The big picture: AI is trendy, but making real world advances that will be noticeable in consumer products. Nvidia's latest Tesla T4 GPU will help bring down costs of services relying on cloud-based AI systems by offering better performance with relatively low power consumption.

Nvidia has launched a new AI data center platform using new Tesla T4 GPUs. The TensorRT Hyperscale Inference Platform is designed to accelerate inferences made from voice, images, and video.

Arriving with 320 Turing Tensor Cores and 2,560 CUDA cores, the Tesla T4 offers extensive number crunching abilities on a small PCIe form factor requiring only 75W. FP16 performance peaks at 65 teraflops, INT8 operations reach up to 130 teraflops, followed by INT4 at 260 teraflops. A standard 16GB of GDDR6 memory results in bandwidth exceeding 320 GB/s

When working with video, the T4 can decode up to 38 full-HD streams simultaneously. New dedicated hardware transcoding engines effectively double the performance in this use case over previous generation hardware.

Nvidia's goal with the new platform is to offer real time processing with reduced latency in end-to-end applications. Different types of neural networks are required to handle making inferences on input media, which is why accelerating all of them on one architecture is no easy feat.

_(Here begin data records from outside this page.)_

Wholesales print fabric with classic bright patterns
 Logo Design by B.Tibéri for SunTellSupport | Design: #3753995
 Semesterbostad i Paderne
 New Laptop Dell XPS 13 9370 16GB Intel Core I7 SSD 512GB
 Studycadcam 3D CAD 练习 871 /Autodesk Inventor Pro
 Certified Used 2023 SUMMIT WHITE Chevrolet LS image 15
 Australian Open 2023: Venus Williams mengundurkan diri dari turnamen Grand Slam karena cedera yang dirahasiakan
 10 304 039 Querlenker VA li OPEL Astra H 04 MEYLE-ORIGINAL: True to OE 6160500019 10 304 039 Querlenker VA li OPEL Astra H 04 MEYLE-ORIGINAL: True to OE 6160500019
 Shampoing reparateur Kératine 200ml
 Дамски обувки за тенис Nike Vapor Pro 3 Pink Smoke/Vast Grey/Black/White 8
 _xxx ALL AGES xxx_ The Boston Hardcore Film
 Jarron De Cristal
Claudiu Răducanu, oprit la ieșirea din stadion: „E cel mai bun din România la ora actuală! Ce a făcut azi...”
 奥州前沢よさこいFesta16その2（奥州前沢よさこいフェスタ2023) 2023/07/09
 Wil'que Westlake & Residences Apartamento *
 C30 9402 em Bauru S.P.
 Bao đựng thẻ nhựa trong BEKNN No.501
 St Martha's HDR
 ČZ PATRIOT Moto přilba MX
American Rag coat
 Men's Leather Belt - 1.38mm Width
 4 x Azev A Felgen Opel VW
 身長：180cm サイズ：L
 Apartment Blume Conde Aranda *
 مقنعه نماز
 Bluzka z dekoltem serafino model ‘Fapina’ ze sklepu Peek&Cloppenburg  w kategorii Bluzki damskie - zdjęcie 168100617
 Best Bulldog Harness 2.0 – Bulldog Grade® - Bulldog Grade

Tesla T4 GPUs are able to handle more than 40 times the number of queries compared to traditional CPUs by themselves when working with AI inference software. Note that Nvidia's comparison is to an 18-core Xeon Gold that retails north of $2,000.

Over the next five years, Nvidia has estimated that the AI inference market will reach $20 billion. Some customers helping Nvidia to realize that potential include Microsoft, Google, HPE, Dell EMC, Cisco, and IBM Cognitive Systems.

Early access to Tesla T4 GPUs on Google Cloud Platform is available upon request following review. Other major cloud providers will be implementing Nvidia's new GPUs shortly.